An indicator for this is that future prices are above spot prices in most commodities. Now, having said that, there probably is still some price increasing effect from speculators, but this is limited, as they do not really alter the fundamental supply and demand equation.

And, since these elasticities are higher in the longer-term, even this limited ability to influence the price wanes over time. The more time buyers and suppliers have to adjust to higher prices, the more marked that adjustment will be.

An example: oil has indeed shot up in price in a most spectacular fashion. And in the short-term, there are few alternatives for oil, which is why demand hasn’t reacted a lot. But reacting it is, even now. That famed American driver has actually cut back in driving, by over 4% in relation to last year.
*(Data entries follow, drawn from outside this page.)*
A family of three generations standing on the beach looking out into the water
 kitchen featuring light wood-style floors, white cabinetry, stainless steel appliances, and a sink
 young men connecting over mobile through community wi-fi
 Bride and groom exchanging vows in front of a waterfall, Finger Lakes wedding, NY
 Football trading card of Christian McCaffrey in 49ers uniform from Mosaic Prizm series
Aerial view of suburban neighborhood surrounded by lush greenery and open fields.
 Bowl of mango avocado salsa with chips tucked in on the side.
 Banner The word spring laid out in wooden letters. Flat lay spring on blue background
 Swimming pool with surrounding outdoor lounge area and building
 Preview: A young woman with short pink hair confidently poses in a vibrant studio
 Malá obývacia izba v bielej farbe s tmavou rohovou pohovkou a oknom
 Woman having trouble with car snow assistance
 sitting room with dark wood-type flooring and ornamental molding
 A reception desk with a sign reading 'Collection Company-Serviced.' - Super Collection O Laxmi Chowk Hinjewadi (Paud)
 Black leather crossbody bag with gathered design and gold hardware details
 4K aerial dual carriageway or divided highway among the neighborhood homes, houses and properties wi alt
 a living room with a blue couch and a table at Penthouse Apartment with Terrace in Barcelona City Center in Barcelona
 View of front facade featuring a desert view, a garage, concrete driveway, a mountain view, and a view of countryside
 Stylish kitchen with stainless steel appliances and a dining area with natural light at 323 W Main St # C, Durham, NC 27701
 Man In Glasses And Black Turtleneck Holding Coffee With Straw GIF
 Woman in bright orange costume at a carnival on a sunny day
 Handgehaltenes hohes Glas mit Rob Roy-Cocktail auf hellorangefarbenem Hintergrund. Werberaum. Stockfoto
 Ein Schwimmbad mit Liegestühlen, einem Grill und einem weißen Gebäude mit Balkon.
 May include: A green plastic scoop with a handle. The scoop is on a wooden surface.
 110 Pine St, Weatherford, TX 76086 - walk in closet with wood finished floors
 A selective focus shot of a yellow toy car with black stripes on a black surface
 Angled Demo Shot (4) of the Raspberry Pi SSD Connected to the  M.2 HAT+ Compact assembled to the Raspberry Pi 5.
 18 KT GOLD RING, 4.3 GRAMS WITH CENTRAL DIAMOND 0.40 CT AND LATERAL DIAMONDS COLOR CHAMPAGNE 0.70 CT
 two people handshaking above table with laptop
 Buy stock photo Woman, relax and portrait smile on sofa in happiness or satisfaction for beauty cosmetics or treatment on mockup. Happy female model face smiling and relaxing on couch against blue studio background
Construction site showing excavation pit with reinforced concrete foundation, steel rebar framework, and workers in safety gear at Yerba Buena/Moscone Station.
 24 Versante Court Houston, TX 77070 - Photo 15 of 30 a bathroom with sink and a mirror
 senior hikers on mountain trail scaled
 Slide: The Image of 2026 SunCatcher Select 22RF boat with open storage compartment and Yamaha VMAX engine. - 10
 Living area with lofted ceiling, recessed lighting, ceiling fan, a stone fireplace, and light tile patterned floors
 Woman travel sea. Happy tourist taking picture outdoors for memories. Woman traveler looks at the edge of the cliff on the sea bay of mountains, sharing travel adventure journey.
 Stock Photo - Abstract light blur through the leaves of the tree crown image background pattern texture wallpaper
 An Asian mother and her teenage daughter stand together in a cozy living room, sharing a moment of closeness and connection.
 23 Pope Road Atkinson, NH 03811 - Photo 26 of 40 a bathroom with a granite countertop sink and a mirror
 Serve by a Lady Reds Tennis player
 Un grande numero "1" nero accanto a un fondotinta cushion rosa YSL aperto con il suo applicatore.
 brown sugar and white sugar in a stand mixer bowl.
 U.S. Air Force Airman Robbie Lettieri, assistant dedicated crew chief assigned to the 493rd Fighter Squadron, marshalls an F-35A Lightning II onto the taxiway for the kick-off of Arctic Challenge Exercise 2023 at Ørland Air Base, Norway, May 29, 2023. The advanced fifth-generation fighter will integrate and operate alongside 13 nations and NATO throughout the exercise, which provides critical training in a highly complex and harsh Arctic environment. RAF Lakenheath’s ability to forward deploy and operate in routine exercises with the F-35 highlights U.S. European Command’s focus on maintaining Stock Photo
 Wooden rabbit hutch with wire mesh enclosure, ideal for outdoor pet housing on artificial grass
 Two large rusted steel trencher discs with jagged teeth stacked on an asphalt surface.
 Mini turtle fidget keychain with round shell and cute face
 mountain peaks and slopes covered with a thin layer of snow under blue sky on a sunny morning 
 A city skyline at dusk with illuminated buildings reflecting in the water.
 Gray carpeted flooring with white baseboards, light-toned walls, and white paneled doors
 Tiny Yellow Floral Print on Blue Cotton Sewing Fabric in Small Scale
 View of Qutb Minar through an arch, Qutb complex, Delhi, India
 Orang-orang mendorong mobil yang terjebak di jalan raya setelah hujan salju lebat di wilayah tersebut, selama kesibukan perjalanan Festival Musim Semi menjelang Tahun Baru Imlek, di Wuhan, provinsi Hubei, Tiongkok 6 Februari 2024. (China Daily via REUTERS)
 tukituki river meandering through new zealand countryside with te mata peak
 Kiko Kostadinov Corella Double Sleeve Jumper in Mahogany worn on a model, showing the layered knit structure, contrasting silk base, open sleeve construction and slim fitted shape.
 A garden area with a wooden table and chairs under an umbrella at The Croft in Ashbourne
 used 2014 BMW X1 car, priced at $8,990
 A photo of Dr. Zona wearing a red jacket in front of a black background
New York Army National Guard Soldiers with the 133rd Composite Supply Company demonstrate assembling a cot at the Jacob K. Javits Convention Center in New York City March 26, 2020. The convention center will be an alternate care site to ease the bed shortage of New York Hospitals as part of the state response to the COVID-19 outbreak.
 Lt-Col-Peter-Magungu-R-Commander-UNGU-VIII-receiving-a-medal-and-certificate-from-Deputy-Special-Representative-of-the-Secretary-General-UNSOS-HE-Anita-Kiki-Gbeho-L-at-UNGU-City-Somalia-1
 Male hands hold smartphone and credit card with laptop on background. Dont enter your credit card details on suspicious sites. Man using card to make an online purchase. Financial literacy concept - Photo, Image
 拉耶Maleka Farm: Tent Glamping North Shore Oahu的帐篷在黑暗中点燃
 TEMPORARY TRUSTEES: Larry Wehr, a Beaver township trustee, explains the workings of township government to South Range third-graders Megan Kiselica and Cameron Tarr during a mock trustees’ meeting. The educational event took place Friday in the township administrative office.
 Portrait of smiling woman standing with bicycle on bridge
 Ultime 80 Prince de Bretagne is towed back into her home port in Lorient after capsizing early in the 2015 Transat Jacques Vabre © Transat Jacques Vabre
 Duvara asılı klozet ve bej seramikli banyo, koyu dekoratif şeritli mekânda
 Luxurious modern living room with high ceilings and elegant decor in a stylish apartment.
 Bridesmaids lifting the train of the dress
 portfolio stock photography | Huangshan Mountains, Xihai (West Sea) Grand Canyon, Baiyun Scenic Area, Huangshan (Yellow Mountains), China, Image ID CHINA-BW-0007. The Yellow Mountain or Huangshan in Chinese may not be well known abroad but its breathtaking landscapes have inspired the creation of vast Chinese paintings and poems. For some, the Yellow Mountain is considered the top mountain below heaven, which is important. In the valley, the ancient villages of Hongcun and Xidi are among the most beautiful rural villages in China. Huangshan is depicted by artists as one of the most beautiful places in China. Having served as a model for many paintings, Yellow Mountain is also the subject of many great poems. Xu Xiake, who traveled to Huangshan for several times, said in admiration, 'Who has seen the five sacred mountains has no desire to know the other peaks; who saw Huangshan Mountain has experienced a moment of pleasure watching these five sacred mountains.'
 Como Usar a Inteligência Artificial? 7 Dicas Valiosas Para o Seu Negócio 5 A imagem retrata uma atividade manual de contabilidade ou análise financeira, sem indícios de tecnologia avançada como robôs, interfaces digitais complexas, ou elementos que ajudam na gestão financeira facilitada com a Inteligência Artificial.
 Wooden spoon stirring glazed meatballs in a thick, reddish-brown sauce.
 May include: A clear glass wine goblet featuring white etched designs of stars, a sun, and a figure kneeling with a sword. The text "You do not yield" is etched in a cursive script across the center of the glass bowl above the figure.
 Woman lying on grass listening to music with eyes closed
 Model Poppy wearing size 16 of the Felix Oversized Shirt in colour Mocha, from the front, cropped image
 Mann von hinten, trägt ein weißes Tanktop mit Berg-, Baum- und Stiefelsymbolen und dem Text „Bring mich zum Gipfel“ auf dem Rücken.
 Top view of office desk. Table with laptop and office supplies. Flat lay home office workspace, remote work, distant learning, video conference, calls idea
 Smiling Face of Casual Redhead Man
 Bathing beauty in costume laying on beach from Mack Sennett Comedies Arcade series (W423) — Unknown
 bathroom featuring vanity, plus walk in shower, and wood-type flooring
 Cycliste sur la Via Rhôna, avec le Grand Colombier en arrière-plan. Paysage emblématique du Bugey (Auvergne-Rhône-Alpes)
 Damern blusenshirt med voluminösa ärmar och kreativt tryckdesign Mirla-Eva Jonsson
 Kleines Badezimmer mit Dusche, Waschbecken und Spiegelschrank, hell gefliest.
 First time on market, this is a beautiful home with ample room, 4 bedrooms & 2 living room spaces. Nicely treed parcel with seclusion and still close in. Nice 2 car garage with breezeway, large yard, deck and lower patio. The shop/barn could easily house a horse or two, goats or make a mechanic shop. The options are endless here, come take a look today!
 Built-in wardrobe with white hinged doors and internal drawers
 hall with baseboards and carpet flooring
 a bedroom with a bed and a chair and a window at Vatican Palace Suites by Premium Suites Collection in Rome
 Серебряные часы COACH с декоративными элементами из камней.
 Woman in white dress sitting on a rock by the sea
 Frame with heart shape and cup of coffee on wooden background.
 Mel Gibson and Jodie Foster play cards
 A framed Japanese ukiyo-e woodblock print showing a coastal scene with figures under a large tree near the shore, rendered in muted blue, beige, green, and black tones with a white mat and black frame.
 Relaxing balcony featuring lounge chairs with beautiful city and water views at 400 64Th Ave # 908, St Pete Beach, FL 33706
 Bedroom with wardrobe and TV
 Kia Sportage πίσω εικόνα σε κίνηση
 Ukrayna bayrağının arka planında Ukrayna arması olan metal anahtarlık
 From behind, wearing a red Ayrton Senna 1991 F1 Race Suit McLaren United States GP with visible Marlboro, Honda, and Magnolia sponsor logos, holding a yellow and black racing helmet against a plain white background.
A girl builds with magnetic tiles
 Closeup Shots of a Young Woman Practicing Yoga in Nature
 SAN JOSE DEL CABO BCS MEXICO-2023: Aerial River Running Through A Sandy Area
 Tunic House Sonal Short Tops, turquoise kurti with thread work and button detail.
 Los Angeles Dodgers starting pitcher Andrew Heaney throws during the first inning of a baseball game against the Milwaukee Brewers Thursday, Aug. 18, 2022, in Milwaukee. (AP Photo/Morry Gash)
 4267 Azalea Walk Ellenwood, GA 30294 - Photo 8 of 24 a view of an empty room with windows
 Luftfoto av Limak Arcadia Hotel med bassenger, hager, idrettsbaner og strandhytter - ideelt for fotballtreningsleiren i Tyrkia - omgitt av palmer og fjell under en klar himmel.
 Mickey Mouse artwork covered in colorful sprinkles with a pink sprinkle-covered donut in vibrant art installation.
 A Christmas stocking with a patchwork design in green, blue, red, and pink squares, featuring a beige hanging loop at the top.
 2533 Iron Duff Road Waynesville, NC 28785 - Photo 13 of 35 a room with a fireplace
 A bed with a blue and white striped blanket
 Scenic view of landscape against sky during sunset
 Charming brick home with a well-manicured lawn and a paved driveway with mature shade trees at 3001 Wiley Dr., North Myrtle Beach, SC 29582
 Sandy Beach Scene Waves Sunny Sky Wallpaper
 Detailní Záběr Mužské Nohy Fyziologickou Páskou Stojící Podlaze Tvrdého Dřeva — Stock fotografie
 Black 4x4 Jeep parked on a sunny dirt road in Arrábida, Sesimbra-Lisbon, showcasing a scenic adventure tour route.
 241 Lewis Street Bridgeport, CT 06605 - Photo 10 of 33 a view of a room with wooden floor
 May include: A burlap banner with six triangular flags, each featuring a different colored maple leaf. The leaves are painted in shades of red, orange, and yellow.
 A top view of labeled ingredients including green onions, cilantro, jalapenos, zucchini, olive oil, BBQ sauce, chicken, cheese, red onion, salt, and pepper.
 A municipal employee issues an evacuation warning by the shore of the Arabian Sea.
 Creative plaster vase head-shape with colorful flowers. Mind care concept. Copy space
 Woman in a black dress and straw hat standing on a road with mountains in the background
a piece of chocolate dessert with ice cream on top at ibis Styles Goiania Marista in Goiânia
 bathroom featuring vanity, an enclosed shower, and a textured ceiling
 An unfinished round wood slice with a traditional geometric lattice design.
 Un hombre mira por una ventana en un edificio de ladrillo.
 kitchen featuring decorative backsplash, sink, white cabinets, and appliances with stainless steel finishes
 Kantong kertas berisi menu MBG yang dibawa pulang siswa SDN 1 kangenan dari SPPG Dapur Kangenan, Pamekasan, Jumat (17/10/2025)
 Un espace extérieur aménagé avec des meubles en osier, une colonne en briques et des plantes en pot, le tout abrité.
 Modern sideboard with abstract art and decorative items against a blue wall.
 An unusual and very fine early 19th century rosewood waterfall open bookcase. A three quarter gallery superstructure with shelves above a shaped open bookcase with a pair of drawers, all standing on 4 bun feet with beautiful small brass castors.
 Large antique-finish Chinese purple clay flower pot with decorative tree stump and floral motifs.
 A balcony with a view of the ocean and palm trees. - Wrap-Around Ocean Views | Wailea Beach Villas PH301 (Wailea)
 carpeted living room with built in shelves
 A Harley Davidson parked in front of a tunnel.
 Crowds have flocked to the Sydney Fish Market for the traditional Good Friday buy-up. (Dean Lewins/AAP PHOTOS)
Now, that figure is probably an overestimation of the demand elasticity, because there are other factors at work limiting driving (the weaker economic conditions, for instance). But the fact remains, people respond to higher prices.

And over time, alternatives to oil become more viable (like solar energy), or people will be more efficient with energy, using more efficient lighting and cars, isolating houses, etc. The market respond in myriad ways to changes in prices.

It has been calculated that an oil price of $200 per barrel will decrease oil consumption by 10M barrels a day (based on a price elasticity of 16%). Unless speculators buy these up (they could do that for a couple of days at most), or OPEC will drastically decrease production, this will almost certainly lead to a price collapse.

So it’s fundamentals that are likely to be far more important. Speculators ride on the train, but they do not really alter fundamental supply and demand conditions, and even if they do, it’s not going to last.